La compétition économique poussée à l'extrême mène les Etats sur le chemin de la guerre. Les peuples ne jouent aucun rôle dans l'affaire : ni dans le sens où le chauvinisme populacier excité en nationalisme conduirait à la guerre, ni dans le sens où la communauté internationale d'intérêts des travailleurs écrasés par un même système économique le conduit à vouloir et à défendre la paix. Les Etats d'ailleurs ne sont-ils pas eux-mêmes entraînés par une dynamique qui les dépasse ? Le comédien, sur la scène, peut jouer de telle ou telle manière, il n'est pas pour autant maître de la trame dramatique à laquelle il participe.


L'Europe unie dans la mondialisation contemporaine

Ces élucubrations me ramènent à notre belle Europe, à cette quintessence de la démocratie : la démocratie sans le peuple -on fait bien de la bière sans alcool et du café sans caféine. Que voit-on à l'oeuvre depuis l'Acte unique, dans notre belle Europe ? Que voit-on si ce n'est l'exaspération de la compétition entre les Etats de l'UE ? Que voit-on si ce n'est une concurrence libre et non faussée qui attise les rivalités entre les Etats ?

Existe-t-il ridicule plus grand que celui du grand Européen désespéré par le renouveau des égoïsmes nationaux ? N'est-ce pas cela, la complainte des grands Européens au sujet des méchants égoïsmes nationaux, qu'on entend après chaque sommet du Conseil européen, au cours de la négociation de chaque traité ou pendant la campagne de ratification dudit traité, c'est-à-dire à peu près tout le temps puisque depuis le fameux Acte unique nous sommes toujours soit en phase de négociation d'un traité européen soit en phase de ratification d'un traité européen ? Les Européens, ces Européens-là obsédés par l'Union, sont de grands candides. A moins qu'ils ne comprennent rien du monde qu'ils construisent, des idées qu'ils défendent, des mécanismes pervers qu'ils déclenchent. -Je dis la chose d'autant plus librement que moi-même j'étais, à mon petit niveau, très petit, de ces Européens béats et perclus ; je le fus jusqu'à la décision salvifique du président de la République Chirac de convoquer un référendum pour ratifier le Traité Constitutionnel Européen, référendum qui m'a conduit (je ne dois pas être le seul dans ce cas) à y regarder de plus près et à adopter une attitude non hostile mais critique à l'égard de la "construction européenne".- Car enfin, qui a bâti, édifié la vaste zone de libre concurrence qu'est devenue l'Europe si ce ne sont ces grands Européens-là ? Qui, en conséquence, est à l'origine de l'exacerbation des rivalités nationales au sein de l'Union ?
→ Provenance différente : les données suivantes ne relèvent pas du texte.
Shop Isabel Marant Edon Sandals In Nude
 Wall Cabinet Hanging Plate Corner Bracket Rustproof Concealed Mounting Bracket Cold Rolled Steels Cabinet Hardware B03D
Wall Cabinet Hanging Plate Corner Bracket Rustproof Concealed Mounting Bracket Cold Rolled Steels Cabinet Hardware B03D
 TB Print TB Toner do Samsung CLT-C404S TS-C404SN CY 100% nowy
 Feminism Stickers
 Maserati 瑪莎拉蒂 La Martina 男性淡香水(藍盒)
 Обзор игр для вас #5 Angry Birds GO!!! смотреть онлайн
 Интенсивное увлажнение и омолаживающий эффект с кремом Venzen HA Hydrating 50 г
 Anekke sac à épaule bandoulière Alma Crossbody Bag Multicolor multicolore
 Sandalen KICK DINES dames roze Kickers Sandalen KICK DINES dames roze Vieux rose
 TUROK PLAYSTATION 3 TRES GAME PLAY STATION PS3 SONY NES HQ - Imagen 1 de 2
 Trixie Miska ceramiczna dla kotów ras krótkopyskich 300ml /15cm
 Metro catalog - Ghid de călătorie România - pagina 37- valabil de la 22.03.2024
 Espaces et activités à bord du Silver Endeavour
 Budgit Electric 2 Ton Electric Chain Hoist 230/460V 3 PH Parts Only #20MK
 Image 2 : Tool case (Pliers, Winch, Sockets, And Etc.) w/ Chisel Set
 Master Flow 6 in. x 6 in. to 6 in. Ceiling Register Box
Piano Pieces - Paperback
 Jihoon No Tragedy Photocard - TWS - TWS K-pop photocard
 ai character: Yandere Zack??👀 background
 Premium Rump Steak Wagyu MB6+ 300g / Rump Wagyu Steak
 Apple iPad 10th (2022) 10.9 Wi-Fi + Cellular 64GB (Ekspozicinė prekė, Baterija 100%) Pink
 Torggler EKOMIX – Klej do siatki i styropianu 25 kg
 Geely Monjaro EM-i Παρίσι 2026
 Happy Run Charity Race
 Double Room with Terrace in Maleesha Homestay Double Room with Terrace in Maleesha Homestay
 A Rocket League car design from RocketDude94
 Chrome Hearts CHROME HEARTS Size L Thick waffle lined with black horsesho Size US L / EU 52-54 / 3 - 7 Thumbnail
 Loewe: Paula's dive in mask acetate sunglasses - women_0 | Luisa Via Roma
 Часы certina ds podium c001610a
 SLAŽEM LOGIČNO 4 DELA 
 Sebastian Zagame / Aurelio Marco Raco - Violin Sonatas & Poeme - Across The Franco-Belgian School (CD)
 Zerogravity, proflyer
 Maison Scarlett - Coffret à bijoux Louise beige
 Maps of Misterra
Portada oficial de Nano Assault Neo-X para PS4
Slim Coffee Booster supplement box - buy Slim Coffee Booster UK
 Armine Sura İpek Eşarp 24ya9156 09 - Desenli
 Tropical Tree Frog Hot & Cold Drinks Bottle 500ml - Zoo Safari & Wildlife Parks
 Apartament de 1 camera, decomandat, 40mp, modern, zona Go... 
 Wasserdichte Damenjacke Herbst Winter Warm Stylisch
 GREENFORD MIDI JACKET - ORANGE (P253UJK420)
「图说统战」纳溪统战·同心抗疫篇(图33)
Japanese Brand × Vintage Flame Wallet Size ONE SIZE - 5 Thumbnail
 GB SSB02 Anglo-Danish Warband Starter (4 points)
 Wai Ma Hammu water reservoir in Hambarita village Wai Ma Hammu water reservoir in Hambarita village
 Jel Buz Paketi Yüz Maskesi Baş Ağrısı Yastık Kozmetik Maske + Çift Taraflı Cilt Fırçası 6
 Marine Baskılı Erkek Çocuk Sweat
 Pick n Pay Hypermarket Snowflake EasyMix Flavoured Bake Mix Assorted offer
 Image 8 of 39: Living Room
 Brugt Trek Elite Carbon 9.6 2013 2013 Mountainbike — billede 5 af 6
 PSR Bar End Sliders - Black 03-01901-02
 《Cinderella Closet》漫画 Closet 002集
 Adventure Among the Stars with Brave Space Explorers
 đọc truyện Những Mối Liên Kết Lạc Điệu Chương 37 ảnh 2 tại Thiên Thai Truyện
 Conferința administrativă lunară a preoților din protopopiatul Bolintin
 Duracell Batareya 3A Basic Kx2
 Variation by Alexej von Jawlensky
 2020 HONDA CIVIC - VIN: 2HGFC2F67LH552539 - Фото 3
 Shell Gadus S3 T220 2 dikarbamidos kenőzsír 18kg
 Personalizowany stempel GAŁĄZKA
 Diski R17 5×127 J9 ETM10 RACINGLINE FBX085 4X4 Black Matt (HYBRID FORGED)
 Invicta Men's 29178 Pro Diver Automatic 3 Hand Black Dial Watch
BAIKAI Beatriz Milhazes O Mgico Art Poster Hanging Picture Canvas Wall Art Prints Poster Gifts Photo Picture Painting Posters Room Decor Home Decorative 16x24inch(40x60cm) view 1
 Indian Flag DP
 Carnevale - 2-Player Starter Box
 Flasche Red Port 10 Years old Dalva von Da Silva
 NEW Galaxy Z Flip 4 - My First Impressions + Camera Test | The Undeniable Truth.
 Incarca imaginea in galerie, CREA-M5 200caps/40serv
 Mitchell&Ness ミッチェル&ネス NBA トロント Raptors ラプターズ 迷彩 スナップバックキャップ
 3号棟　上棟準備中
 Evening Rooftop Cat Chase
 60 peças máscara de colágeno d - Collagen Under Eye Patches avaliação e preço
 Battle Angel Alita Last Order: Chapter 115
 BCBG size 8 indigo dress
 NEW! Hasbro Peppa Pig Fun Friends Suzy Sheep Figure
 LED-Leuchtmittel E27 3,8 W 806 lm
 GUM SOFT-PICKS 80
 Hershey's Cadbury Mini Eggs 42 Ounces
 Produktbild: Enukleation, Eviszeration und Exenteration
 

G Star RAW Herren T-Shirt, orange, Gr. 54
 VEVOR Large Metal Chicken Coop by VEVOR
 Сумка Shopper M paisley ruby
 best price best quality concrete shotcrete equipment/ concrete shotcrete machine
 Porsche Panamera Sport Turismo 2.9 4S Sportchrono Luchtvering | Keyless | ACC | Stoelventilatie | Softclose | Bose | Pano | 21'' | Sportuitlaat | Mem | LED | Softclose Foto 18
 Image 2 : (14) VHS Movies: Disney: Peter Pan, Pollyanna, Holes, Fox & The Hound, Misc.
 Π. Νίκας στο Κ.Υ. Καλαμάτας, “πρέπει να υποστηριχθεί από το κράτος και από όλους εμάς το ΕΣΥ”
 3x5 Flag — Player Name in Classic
Les vilains égoïsmes nationaux que les gentils partisans de l'UE fustigent ne sont pas la conséquence d'un renouveau des nationalismes et d'un reflux de l'esprit communautaire mais le produit du processus européen lui-même. D'où l'absurdité qu'il y a à vouloir approfondir encore plus l'Europe car chaque nouvelle étape dans la voie de l'établissement de la Grande Concurrence contribue à affaiblir l'Europe puisque cette nouvelle étape, ce pas nouveau franchit vers l'intégration, attisera davantage la compétition entre les Etats, lesquels se verront ainsi de plus en plus placés devant la nécessité de défendre toujours plus férocement leurs intérêts face à des partenaires qui ne sont dans la réalité que des adversaires dans la guerre économique qui les opposent les uns aux autres.

L'acide qui corrode la belle mécanique de l'Union européenne n'est pas la prétendue résurgence du nationalisme mais la propre pensée européiste.